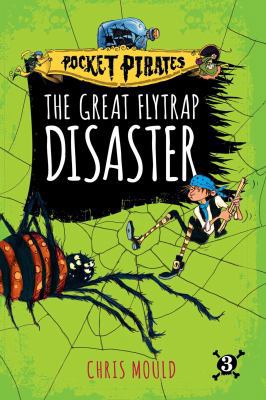 The Great Flytrap Disaster, 3 1481491210 Book Cover
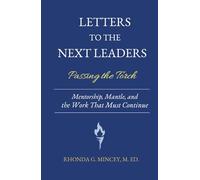 Letters to the Next Leaders: Mentorship, Mantle, and the Work That Must Be Passed On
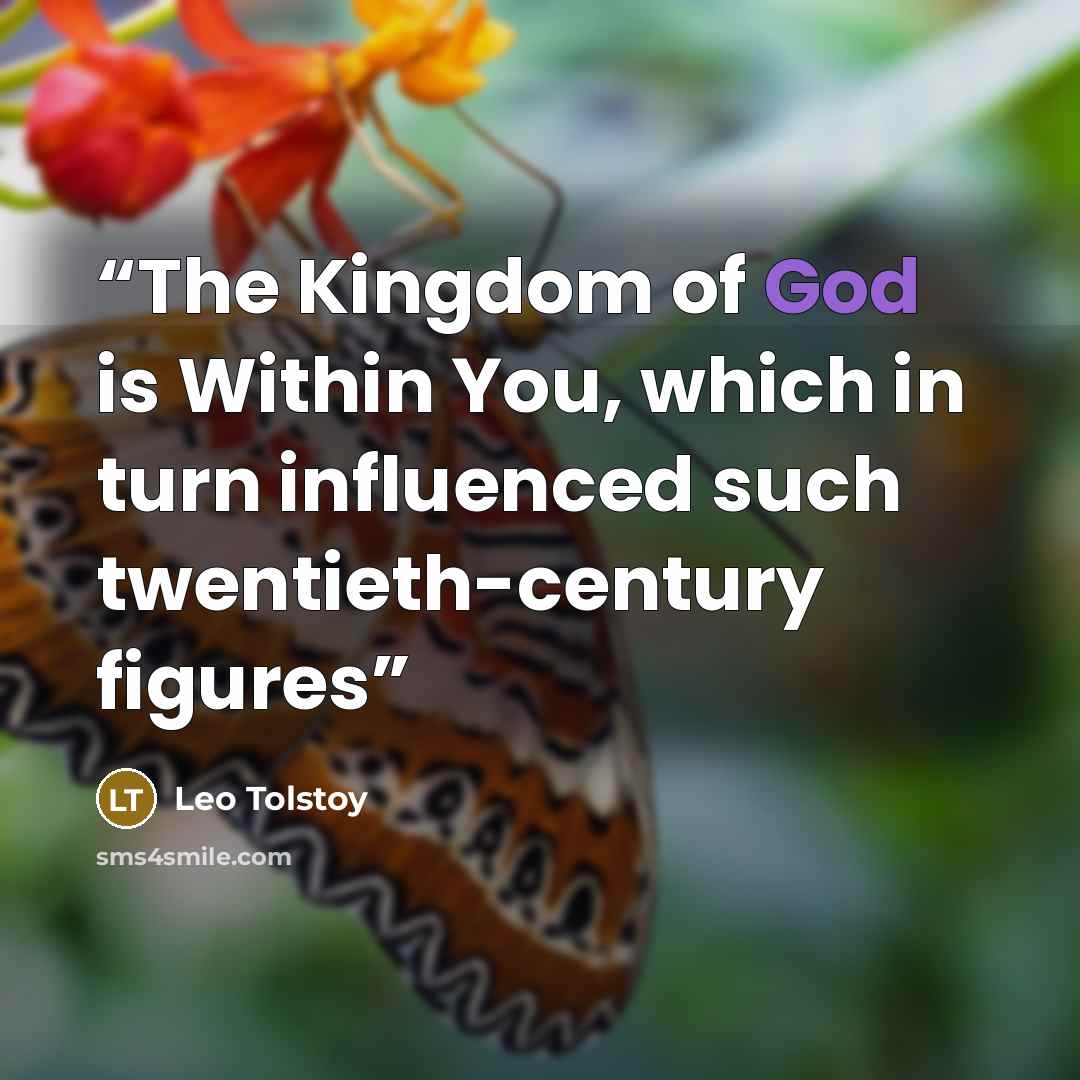 “The Kingdom of God is Within You, which in turn influenced such twentieth-century figures” quote by Leo Tolstoy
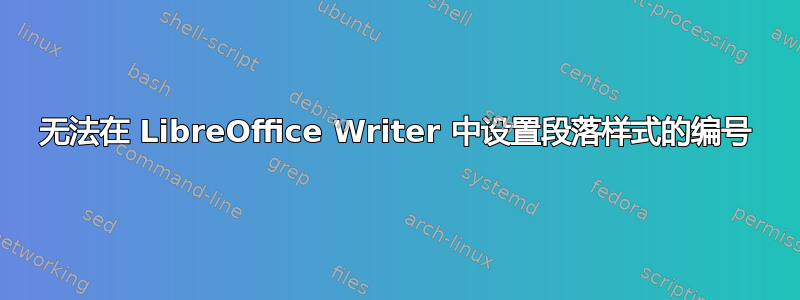 无法在 LibreOffice Writer 中设置段落样式的编号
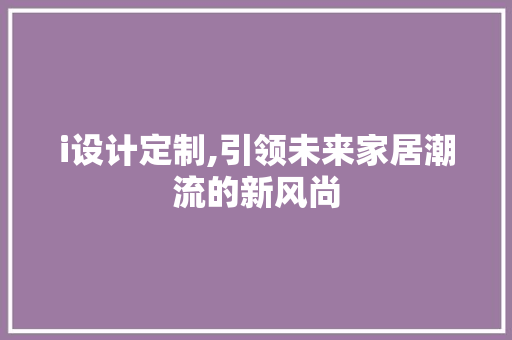 i设计定制,引领未来家居潮流的新风尚 i设计定制,引领未来家居潮流的新风尚 搜狗SEO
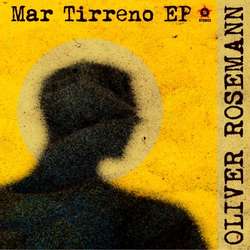 [RTSW33] Oliver Rosemann - Mar Tirreno EP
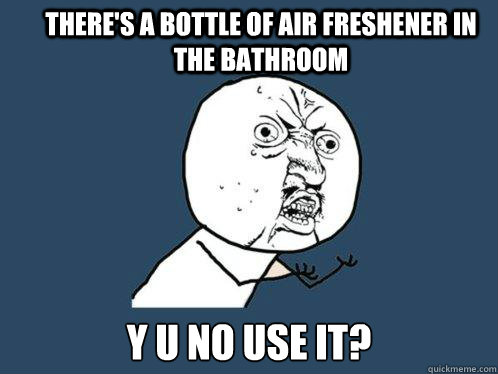 There's a bottle of air freshener in the bathroom y u no use it?  Y U No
+---+
Exercise requirements: Find the line that contains "i设计定制,引领未来家居潮流的新风尚 i设计定制,引领未来家居潮流的新风尚 搜狗SEO". Reproduce it and every later line of the records exactly, minus the pictures.

Response:
 i设计定制,引领未来家居潮流的新风尚 i设计定制,引领未来家居潮流的新风尚 搜狗SEO
 [RTSW33] Oliver Rosemann - Mar Tirreno EP
 There's a bottle of air freshener in the bathroom y u no use it?  Y U No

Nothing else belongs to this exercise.